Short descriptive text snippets
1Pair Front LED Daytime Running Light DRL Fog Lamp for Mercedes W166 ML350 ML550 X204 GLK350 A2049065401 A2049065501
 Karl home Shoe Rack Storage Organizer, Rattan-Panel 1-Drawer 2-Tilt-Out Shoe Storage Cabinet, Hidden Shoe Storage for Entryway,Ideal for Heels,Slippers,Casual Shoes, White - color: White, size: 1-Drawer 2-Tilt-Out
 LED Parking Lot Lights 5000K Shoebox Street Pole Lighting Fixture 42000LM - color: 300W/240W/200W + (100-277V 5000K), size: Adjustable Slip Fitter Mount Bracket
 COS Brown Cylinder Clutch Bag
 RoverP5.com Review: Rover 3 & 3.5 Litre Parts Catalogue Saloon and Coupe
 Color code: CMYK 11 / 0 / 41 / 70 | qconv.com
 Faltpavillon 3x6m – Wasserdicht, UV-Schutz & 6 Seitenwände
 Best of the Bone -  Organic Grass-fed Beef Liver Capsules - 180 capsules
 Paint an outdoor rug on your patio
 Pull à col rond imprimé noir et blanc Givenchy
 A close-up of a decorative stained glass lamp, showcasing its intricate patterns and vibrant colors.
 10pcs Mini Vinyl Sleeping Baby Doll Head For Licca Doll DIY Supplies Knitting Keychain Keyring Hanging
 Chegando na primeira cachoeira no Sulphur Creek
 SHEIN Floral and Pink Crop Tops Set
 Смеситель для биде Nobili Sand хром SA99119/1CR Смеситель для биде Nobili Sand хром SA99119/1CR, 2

§ EXERCISE
One stretch of the lines above is wanted, from the line that contains "Color code: CMYK" through the line that contains "Pull à col rond". Output it exactly.

§ RESULT OF THE EXERCISE
 Color code: CMYK 11 / 0 / 41 / 70 | qconv.com
 Faltpavillon 3x6m – Wasserdicht, UV-Schutz & 6 Seitenwände
 Best of the Bone -  Organic Grass-fed Beef Liver Capsules - 180 capsules
 Paint an outdoor rug on your patio
 Pull à col rond imprimé noir et blanc Givenchy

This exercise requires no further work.